10 filmes que você deve assistir se adora o sexto sentido

M. Night Shyamalan teve uma das carreiras mais interessantes como cineasta. Embora haja muitos que critiquem sua arte como pobre ou superestimada, outros citariam filmes como 'O Sexto Sentido' (1999) e 'Split' (2016) para provar seu domínio. O diretor, desde sua estreia em 1992, criou com sucesso várias obras-primas modernas e ganhou o apelido de 'mestre da torção'. O homem de 47 anos também foi elogiado com muitos elogios, incluindo um ‘Padma Shri’ em 2008.

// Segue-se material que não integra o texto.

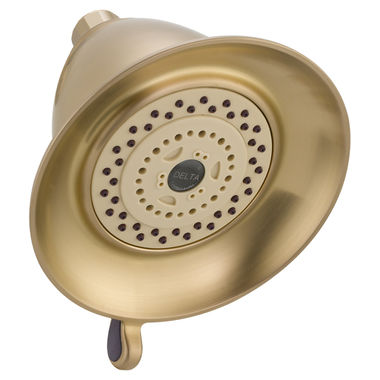 Click here to see Delta RP64095CZ Delta RP64095CZ Premium 3-Setting Shower Head, Champagne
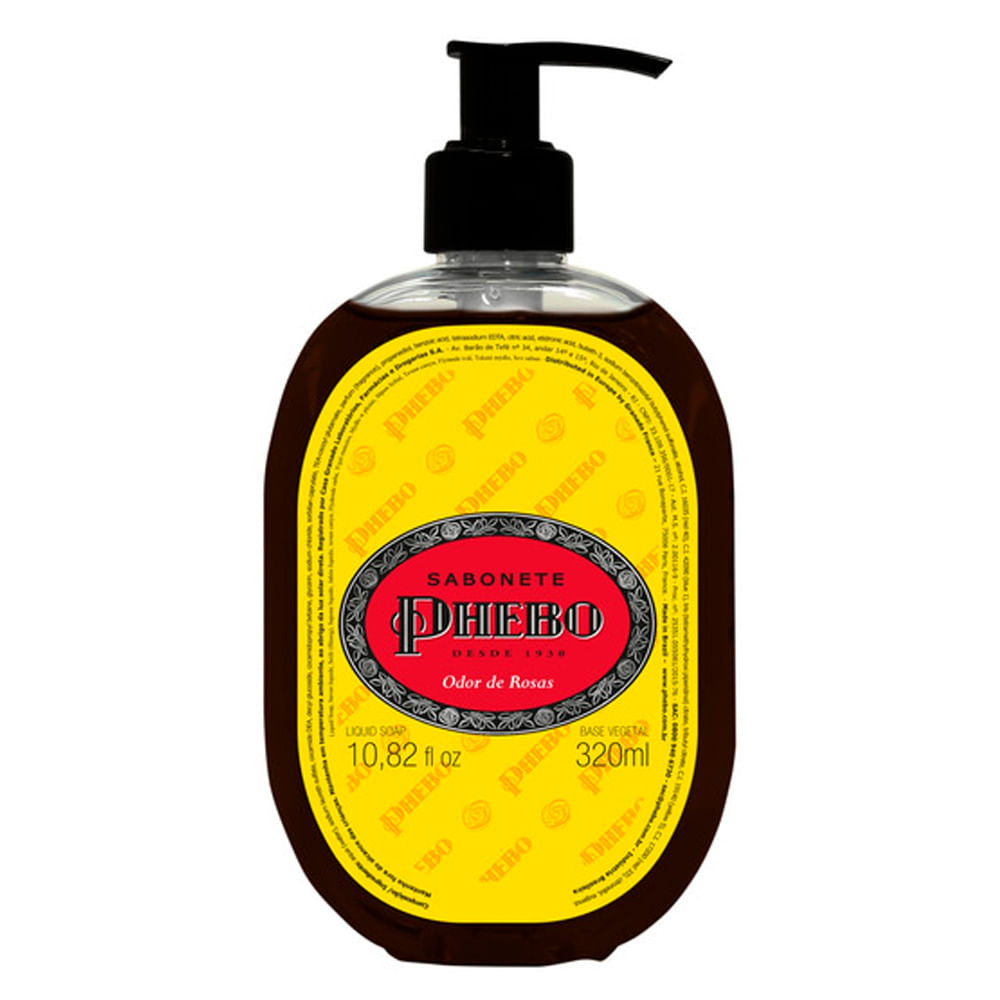 Sabonete Líquido Phebo Odor De Rosas 320ml - Beauty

Entre seus treze longas-metragens, 'O Sexto Sentido' colocou Shyamalan no mapa. A famosa reviravolta no final do filme ainda não foi superada. O filme é sobre um jovem chamado Cole Sear que consegue “ver e falar com os mortos”. A fim de curar essa doença percebida, sua família chama um psicólogo igualmente problemático chamado Michael Crowe. ‘O Sexto Sentido’ apresentou ao mundo a indulgência de Shyamalan em finais de torção, que atuou como um arquétipo para seus projetos futuros.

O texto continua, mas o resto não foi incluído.